▸ **Your objective**
Print out each entry below in full, exactly as given, excluding pictures.

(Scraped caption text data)
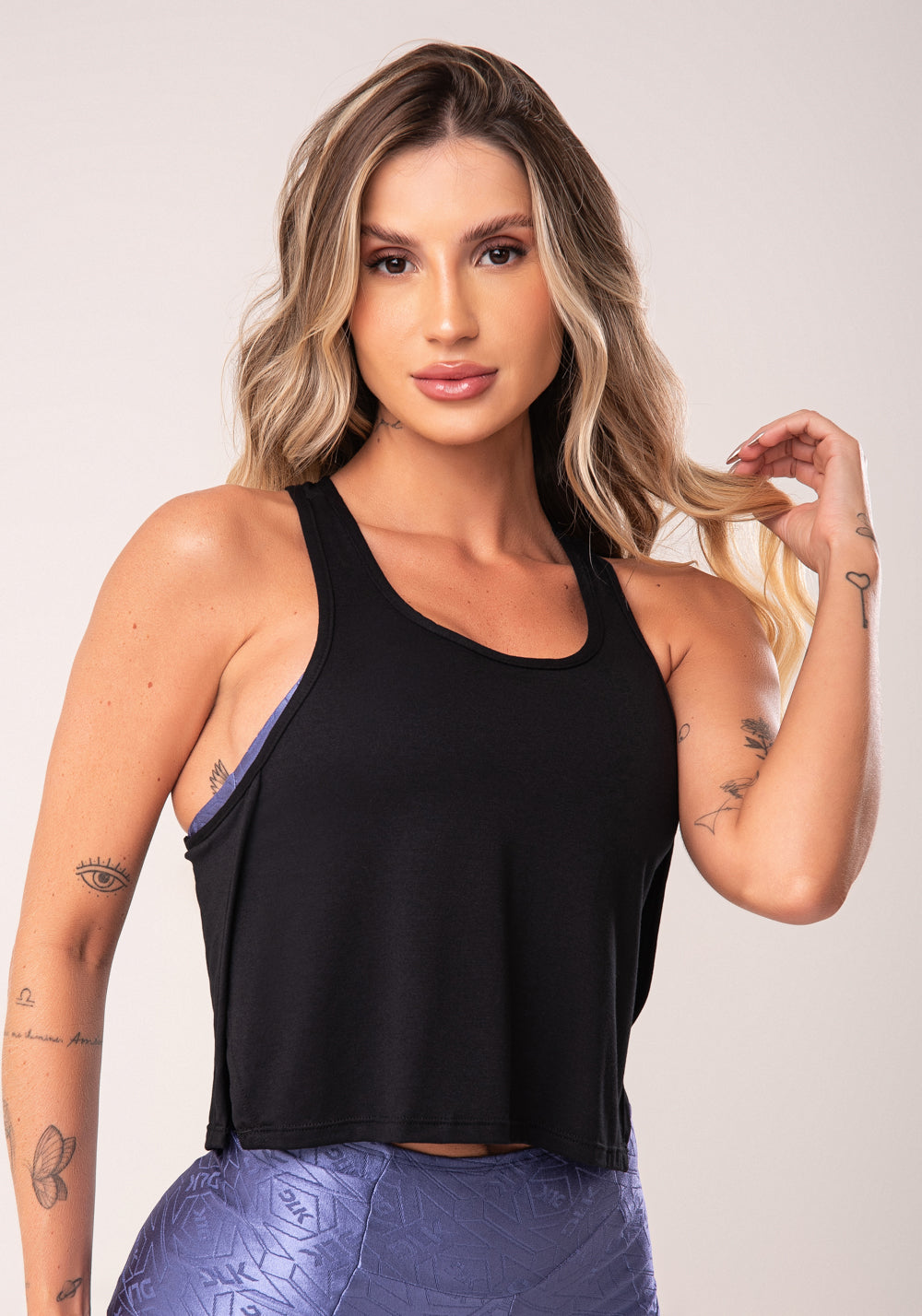 Cropped Feminino Preto com Transpasse Lateral Flow Dlk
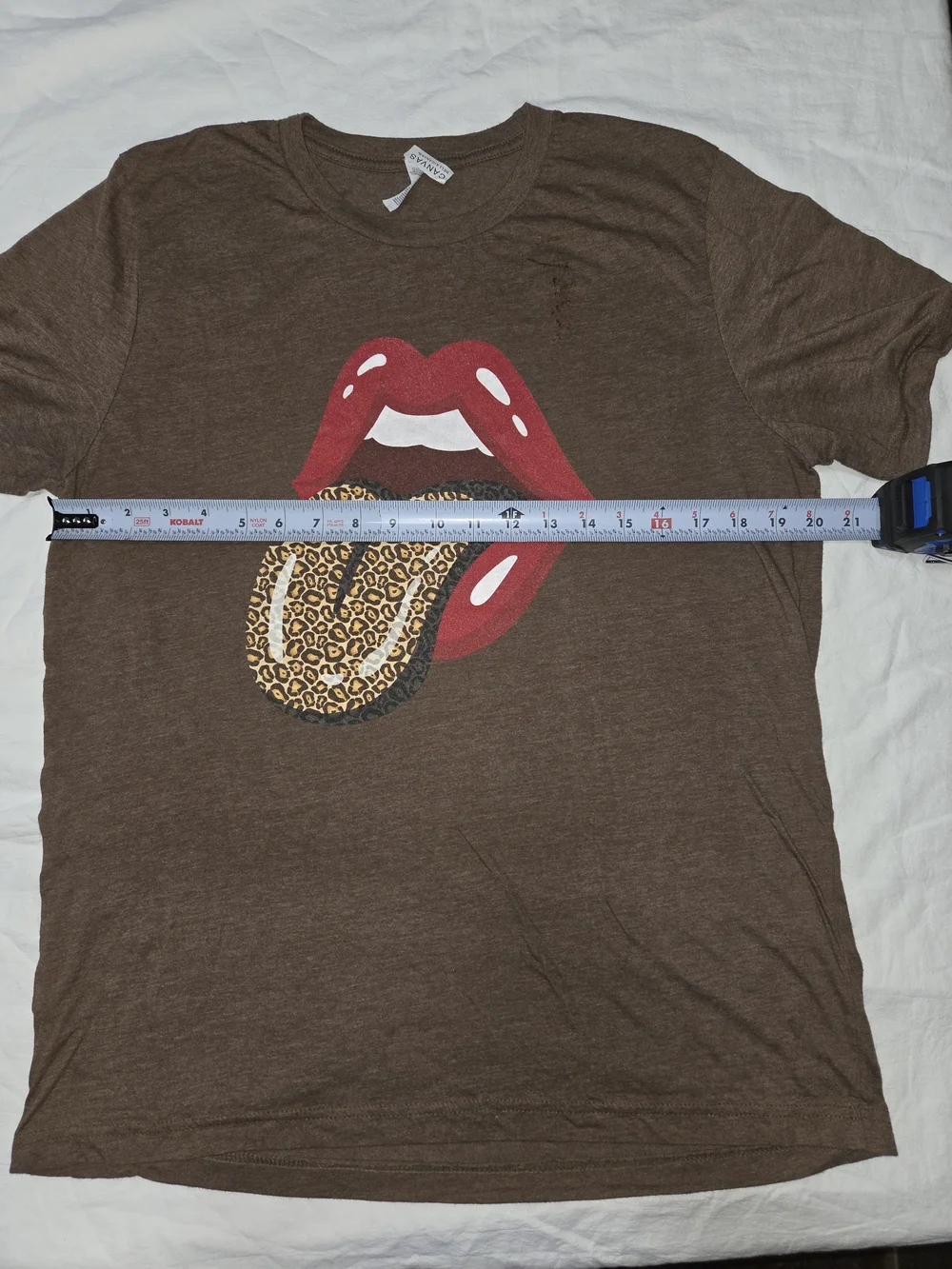 Bella Canvas Brown Tee with Red Lips and Leopard Tongue Graphic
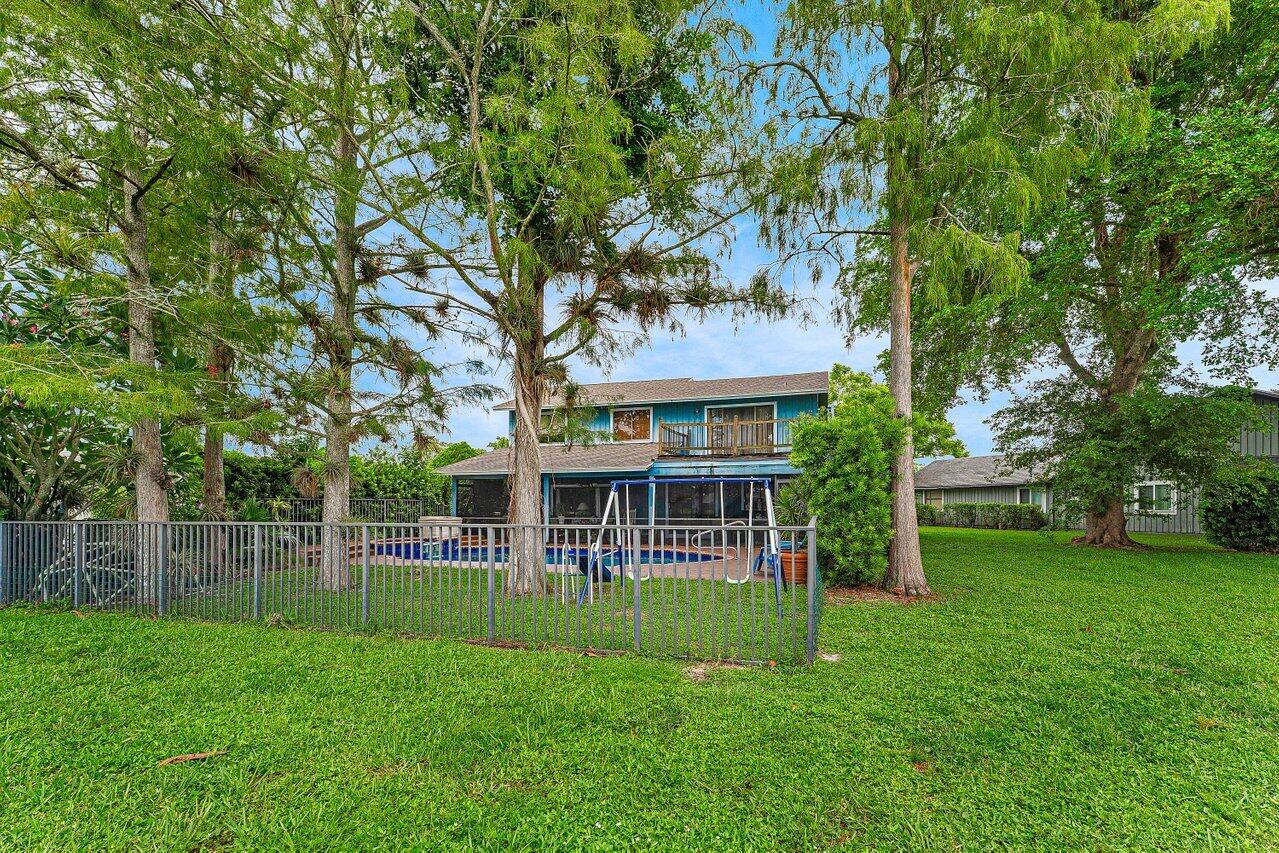 1726 TREEHAVEN Court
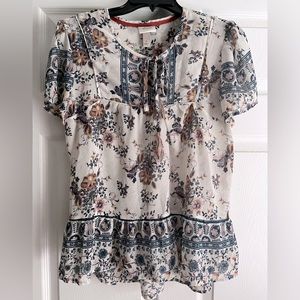 Flowy sheer top size small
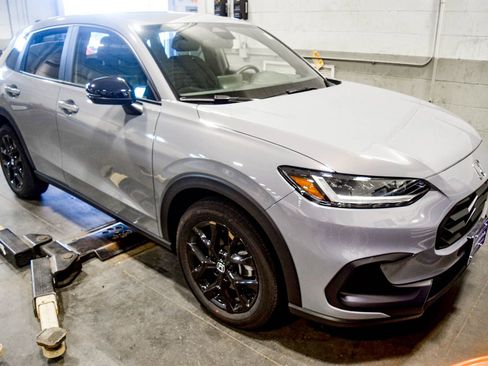 Used 2024 Honda HR-V Sport image 4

▸ **Answer space**
 Cropped Feminino Preto com Transpasse Lateral Flow Dlk
 Bella Canvas Brown Tee with Red Lips and Leopard Tongue Graphic
 1726 TREEHAVEN Court
 Flowy sheer top size small
 Used 2024 Honda HR-V Sport image 4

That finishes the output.